I had occasion last week to compliment one of my global HR colleagues on a piece of work well done and remark that it was something I would look to replicate in my region.
His witty and acerbic response made me chuckle: “Welcome to the world of strategic HR Mr Westney. We’ve been expecting you.” Actually, I taught him everything he knows.
Regular readers will know I’m not one for labels and I struggle with the whole obsession of strategic versus operational HR delineation. We don’t hear our colleagues in other functions talking about strategic finance, strategic marketing, strategic IT, strategic sales. Strategy is strategy is strategy. Think it, plan it, do it.
At the end of the day, every HR practitioner in every HR team in every organisation in the world should be thinking strategically. The fact we still have to talk about and define it shows we still have a long way to go in our maturity as a profession.

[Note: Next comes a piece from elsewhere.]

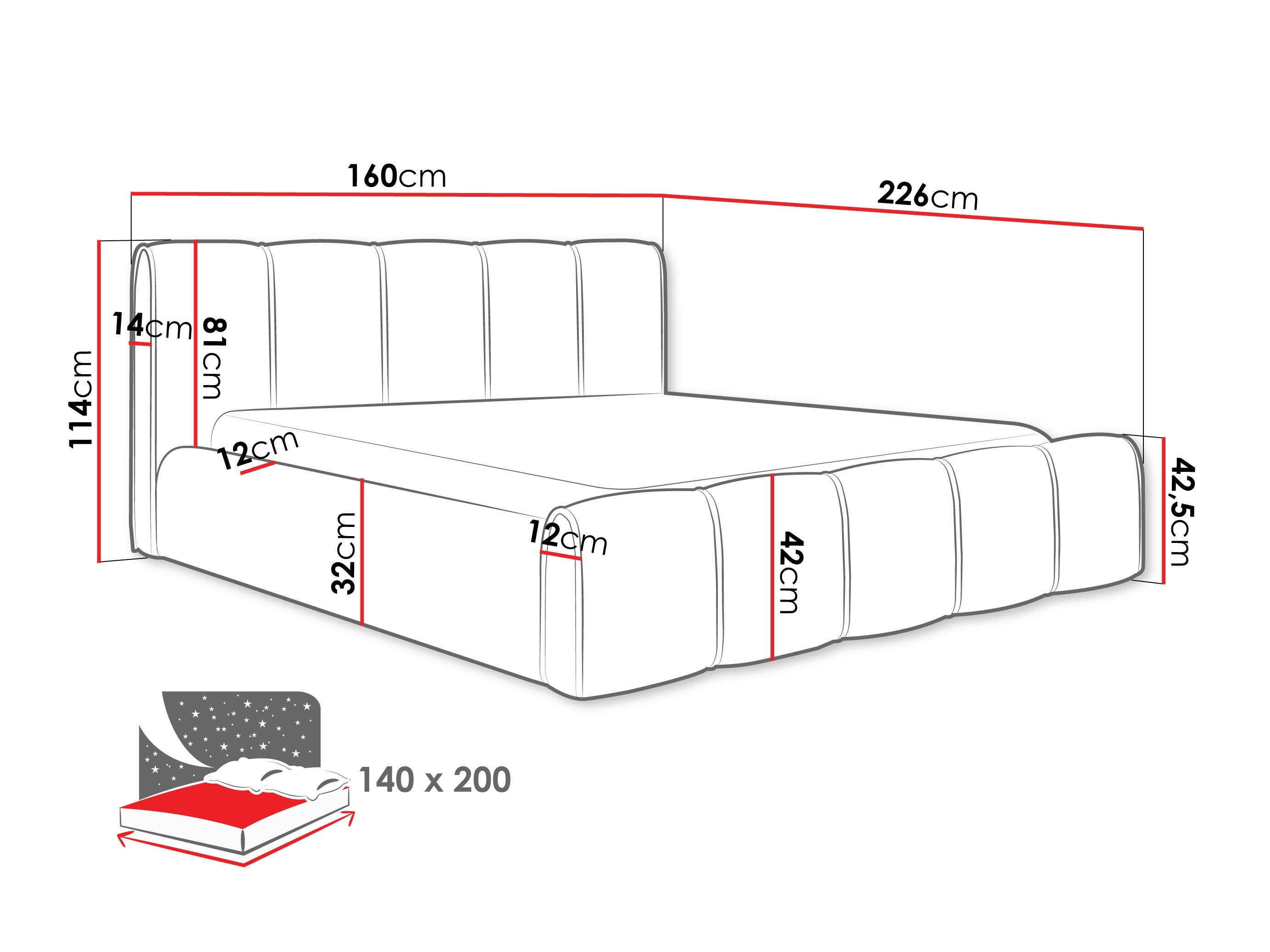 Gulta Clario (Paros 02)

If you aren’t forward thinking in HR, and thinking about how you can better make use of emerging technologies, data, social media, behavioural sciences and everything else out there that can raise your HR strategy above the mediocre, and if you aren’t all over how the world of work is changing and doing every damn thing you can to give your organisation a competitive advantage in every aspect of attraction, retention, performance, reward and so on then words fail me. You are failing your colleagues, kidding yourself that you matter and, more importantly, failing your profession.
That’s the only definition you need for strategic HR.
Expect it? We need to demand it.
Strategic HR = think enough steps ahead you aren’t just reacting, but not so many steps ahead that you are dwelling on your hoverboards in the office policy.